33Escuchad otra parábola.
Era un propietario que plantó una viña, la rodeó de una cerca, cavó en ella un lagar y edificó una torre; la arrendó a unos labradores y se ausentó.
34Cuando llegó el tiempo de los frutos, envió sus siervos a los labradores para recibir sus frutos.
35Pero los labradores agarraron a los siervos, y a uno le golpearon, a otro le mataron, a otro le apedrearon.
36De nuevo envió otros siervos en mayor número que los primeros; pero los trataron de la misma manera.

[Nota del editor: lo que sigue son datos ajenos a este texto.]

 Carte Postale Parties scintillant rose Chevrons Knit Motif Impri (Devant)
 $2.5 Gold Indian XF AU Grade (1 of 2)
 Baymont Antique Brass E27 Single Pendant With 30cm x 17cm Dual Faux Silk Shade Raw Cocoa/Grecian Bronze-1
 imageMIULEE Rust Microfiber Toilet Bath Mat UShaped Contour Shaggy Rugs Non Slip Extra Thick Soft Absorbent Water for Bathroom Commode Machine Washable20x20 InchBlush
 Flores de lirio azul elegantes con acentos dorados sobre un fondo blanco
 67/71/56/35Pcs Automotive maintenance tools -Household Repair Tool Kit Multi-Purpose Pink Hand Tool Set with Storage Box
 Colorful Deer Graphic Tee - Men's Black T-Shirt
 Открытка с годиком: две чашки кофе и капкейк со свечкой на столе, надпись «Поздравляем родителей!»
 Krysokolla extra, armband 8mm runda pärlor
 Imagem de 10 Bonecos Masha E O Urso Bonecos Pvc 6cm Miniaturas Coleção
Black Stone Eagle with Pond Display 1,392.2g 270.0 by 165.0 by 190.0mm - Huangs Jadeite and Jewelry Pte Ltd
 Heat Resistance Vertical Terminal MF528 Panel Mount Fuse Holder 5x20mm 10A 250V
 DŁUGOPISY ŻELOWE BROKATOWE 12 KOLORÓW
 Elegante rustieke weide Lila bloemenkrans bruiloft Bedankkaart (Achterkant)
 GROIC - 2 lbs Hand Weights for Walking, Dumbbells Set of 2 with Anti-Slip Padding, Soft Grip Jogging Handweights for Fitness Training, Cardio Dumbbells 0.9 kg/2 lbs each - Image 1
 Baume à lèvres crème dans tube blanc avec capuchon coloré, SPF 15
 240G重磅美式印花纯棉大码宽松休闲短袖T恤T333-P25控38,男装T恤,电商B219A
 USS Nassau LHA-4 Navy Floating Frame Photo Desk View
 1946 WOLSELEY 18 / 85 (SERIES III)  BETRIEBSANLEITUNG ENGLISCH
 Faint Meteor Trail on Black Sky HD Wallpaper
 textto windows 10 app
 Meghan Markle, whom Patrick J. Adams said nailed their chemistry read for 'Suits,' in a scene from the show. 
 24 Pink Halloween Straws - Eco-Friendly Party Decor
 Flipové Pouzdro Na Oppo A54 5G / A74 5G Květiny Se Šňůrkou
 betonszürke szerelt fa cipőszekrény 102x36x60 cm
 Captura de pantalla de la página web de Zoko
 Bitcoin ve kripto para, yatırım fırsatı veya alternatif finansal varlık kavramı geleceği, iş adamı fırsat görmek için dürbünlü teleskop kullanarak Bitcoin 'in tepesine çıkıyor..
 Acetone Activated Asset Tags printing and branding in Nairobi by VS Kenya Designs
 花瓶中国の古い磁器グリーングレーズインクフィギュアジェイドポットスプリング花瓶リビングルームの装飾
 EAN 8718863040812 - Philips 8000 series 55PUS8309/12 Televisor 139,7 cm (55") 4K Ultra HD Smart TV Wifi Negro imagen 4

37Finalmente les envió a su hijo, diciendo:
"A mi hijo le respetarán."
38Pero los labradores, al ver al hijo, se dijeron entre sí:
"Este es el heredero. Vamos, matémosle y quedémonos con su herencia."
39Y agarrándole, le echaron fuera de la viña y le mataron.
40Cuando venga, pues, el dueño de la viña, ¿qué hará con aquellos labradores?
41Dícenle:
A esos miserables les dará una muerte miserable arrendará la viña a otros labradores, que le paguen los frutos a su tiempo.
42Y Jesús les dice:
¿No habéis leído nunca en las Escrituras: La piedra que los constructores desecharon, en piedra angular se ha convertido; fue el Señor quien hizo esto y es maravilloso a nuestros ojos?
43Por eso os digo:
Se os quitará el Reino de Dios para dárselo a un pueblo que rinda sus frutos.